At the end of this course you should:
- have an understanding of what stock is
- know how a stock trade is executed
- understand critical terminology used on this site and in other investment media
What Stock Is
When people start a business by incorporating, that is, forming a corporation, they have to specify how many shares of company the stock begins with. They issue these to the owners, called shareholders. This is true of both publicly traded companies and completely private companies. When a company decides to list its shares in public stock markets (also known as "going public") it chooses an exchange, like the New York Stock Exchange (NYSE) or Nasdaq. It finds banks to underwite the public offering. They help the company decide how many and what kind of shares to offer and prepare the prospectus, a document investors use to determine whether to buy in the intial offering. On the first day of the offering the company issues the shares to be traded on the exchange it chose, and the exchange is where it will be traded from then on. |
Stock is how a company divides its total value up, into units called shares.
We buy and sell these shares of a company’s stock on the public markets. Sometimes (often, actually) we shorten this and say we’re buying or selling shares of a company. The stock that is available to trade in a market is often referred to by its ticker symbol, e.g., “AAPL” for “Apple”. The same ticker symbol is used in options listings.
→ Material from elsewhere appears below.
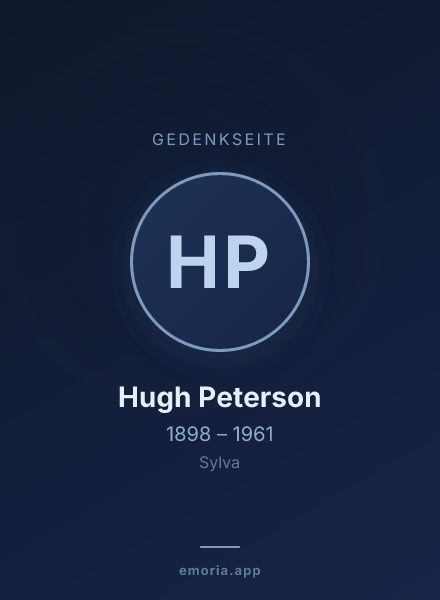 Gedenkportrait von Hugh Peterson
These all mean the same thing:
- “I bought 10 shares of Apple”
- “I bought 10 shares of Apple stock”
- “I bought 10 shares of AAPL”
Long and Short
When you buy shares, you are long the stock. For example, if you buy 5 shares of TSLA (Tesla), you are “long Tesla”. This simply means you have bought the stock, presumably with an expectation that it will rise in value so you can later sell it for a profit.
Some brokers permit selling stock that you don’t actually own. They will find someone to lend you shares which you can sell. Doing this makes you short the stock. For example, if you borrow 5 shares of F (Ford) and sell them, you are “short Ford”. This is called a short sale.
A Word on Terminology
“The market” refers to a broad group of organizations and individuals that make and facilitate the trading of securities.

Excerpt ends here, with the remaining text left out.